An Open Cookbook

An Open Cookbook

5.23.2011

Spicy Seared Broccoli


Toting a fuchsia day planner jammed with dozens of nicely folded pieces of paper, I have stepped onto the life roller coaster at full speed.  So having 'quick and easy' menu items in the repertoire simplifies the evening.  Broccoli, the perfect little vegetable package that it is, is always in my refrigerator anxiously awaiting the oven.  Roasted broccoli is a main fallback recipe...but when I am hungry from a busy day and evening of activities, the roasting process leaves me pacing and sweating for the timer to ring.


So the other night I remembered the concept of searing, and thought I'd compare this method to roasting. To my pleasant surprise, it does create a similar resultThere were a few bonus features too.  One benefit of searing is that you don't have to use nearly as much oil as in roasting.  You are at more liberty to use lighter flavors such as lemon juice and hot sauce to flavor the charred broccoli.  The huge other benefit is that it takes far less time to cook, allowing you to eat and enjoy sooner.  So whip up your favorite dressing or try the one I concocted...and have yourself an easy side dish.

Spicy Seared Broccoli
Makes 1 entree serving or 2 appetizer/side dish servings

2 broccoli bunches, florets cut
1 medium lemon, juiced (about 1/4 cup)
Sriracha hot sauce (amount to your heat level preference)
1 garlic clove, minced
Splash of soy sauce
1/2-1 tsp olive oil

Make the dressing first by whisking the lemon juice, hot sauce, garlic, soy sauce and then olive oil.  Set within arm's reach of the stove.

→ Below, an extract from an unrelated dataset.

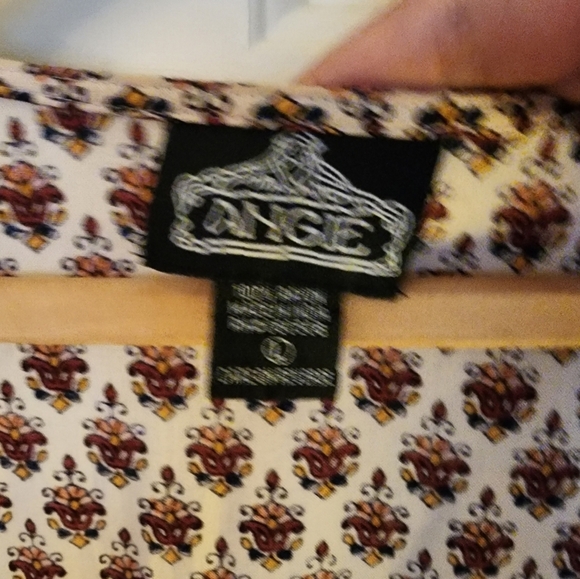 Angie open front kimono pink paisley boho  size large beach vacation - Picture 2 of 8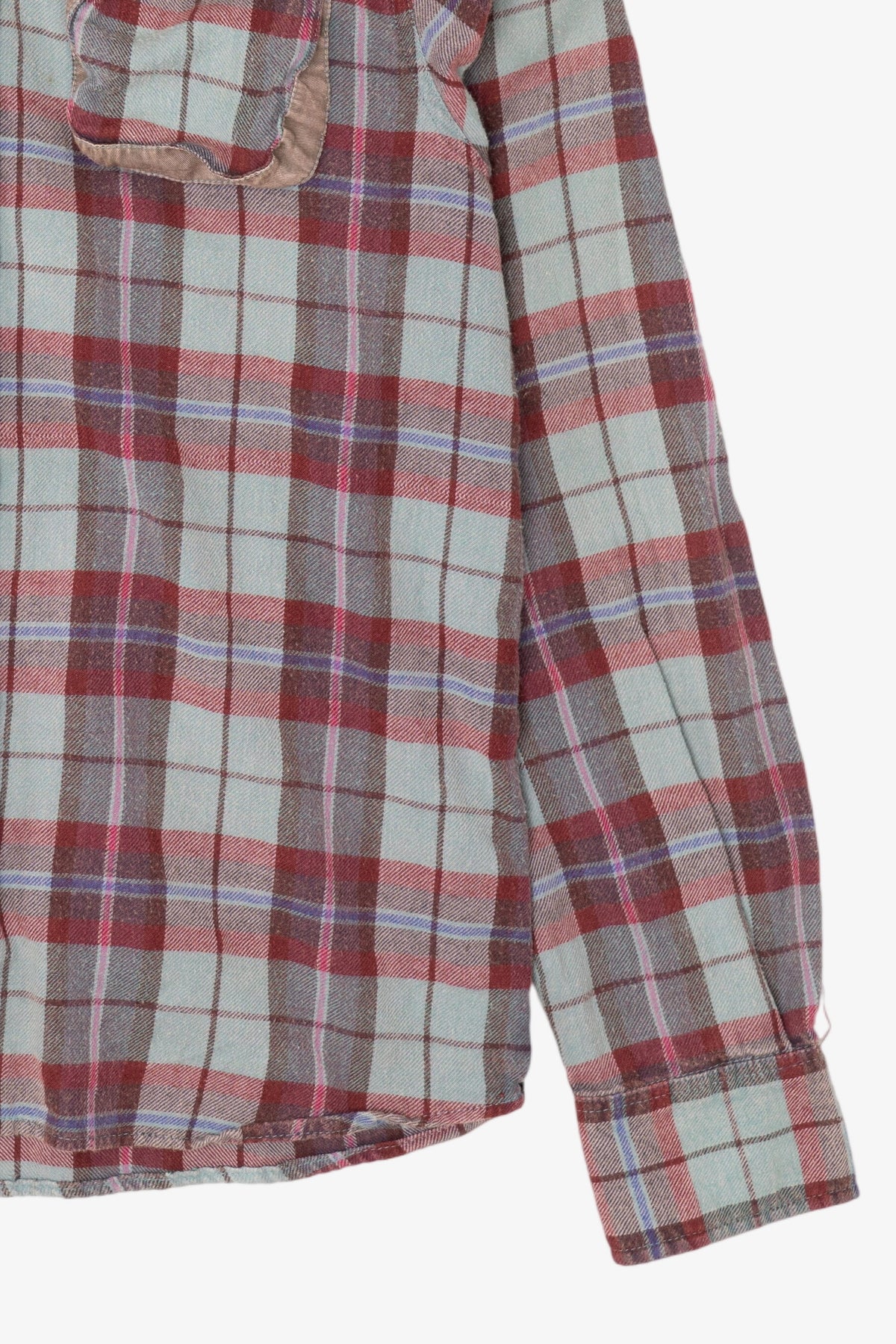 Red Plaid Buffalo David Bitton Hooded Button Up Shirt (2010s)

Place a saute pan over medium to high heat.  Without any oil or water, add the broccoli.  Continue to press the broccoli over the dry heat with a spatula, tossing occasionally, until the broccoli starts to char.  This usually takes about 10 minutes.  Once it is cooked thoroughly, turn off heat.  You can either add the dressing in the hot pan or drizzle over the broccoli once you plate it. 

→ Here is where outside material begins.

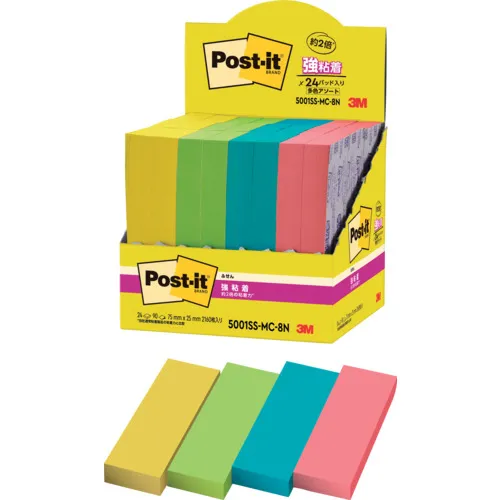 3m post-it强粘性粘性多色8增加包装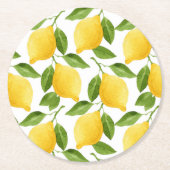 Heldere citroenen onderzetters (Voorkant)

From several experiments, I have found that if you add the dressing to the hot pan it almost immediately evaporates and sizzles, which can be good, so the broccoli doesn't get soggy.  A little bit of the flavor gets lost this way, but still produces a tangy, spicy dish.  If you add the dressing to the plated broccoli, it is more like a dressing and allows you to dip the broccoli in a little bit of the leftover dressing.  Either way, it is a spicy, healthy side dish.


4 comments:

Colette said...

Alli, it was really nice to meet you at Blogherfood.

Your blog looks terrific!

Alli Shircliff said...

Thank you for stopping by my blog Colette...it was great meeting you too! What a nice weekend it was in Atlanta!

Joan said...

Alli: We make oven-roasted broccoli all the time but this sounds like an easy fast alternative, with more flavor than just drizzled olive oil. Gonna try it soon!

Alli Shircliff said...

Hi Joan! I was so happy when I realized searing produces basically the same result..and much quicker. Let me know how it goes!